Excerpts from a dataset
————
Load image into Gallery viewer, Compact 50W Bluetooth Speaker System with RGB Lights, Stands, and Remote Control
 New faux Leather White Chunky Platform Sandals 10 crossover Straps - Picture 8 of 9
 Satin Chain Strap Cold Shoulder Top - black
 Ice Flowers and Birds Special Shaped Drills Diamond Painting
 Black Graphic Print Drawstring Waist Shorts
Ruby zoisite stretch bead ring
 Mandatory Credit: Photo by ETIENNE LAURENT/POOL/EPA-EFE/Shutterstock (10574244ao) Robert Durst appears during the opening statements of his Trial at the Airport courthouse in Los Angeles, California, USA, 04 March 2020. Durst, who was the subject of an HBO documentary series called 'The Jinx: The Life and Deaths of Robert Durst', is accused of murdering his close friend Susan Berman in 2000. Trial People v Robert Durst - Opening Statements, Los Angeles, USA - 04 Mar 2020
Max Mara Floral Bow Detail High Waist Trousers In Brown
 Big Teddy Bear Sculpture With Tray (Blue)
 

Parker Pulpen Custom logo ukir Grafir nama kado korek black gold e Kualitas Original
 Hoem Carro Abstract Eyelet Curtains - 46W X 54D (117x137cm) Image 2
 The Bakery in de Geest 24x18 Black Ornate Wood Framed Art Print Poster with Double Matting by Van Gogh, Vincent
————
## What you will do:
From the line containing "New faux Leather" through the last line of the records, output each line exactly and nothing more.

## Result of this exercise:
 New faux Leather White Chunky Platform Sandals 10 crossover Straps - Picture 8 of 9
 Satin Chain Strap Cold Shoulder Top - black
 Ice Flowers and Birds Special Shaped Drills Diamond Painting
 Black Graphic Print Drawstring Waist Shorts
Ruby zoisite stretch bead ring
 Mandatory Credit: Photo by ETIENNE LAURENT/POOL/EPA-EFE/Shutterstock (10574244ao) Robert Durst appears during the opening statements of his Trial at the Airport courthouse in Los Angeles, California, USA, 04 March 2020. Durst, who was the subject of an HBO documentary series called 'The Jinx: The Life and Deaths of Robert Durst', is accused of murdering his close friend Susan Berman in 2000. Trial People v Robert Durst - Opening Statements, Los Angeles, USA - 04 Mar 2020
Max Mara Floral Bow Detail High Waist Trousers In Brown
 Big Teddy Bear Sculpture With Tray (Blue)
 

Parker Pulpen Custom logo ukir Grafir nama kado korek black gold e Kualitas Original
 Hoem Carro Abstract Eyelet Curtains - 46W X 54D (117x137cm) Image 2
 The Bakery in de Geest 24x18 Black Ornate Wood Framed Art Print Poster with Double Matting by Van Gogh, Vincent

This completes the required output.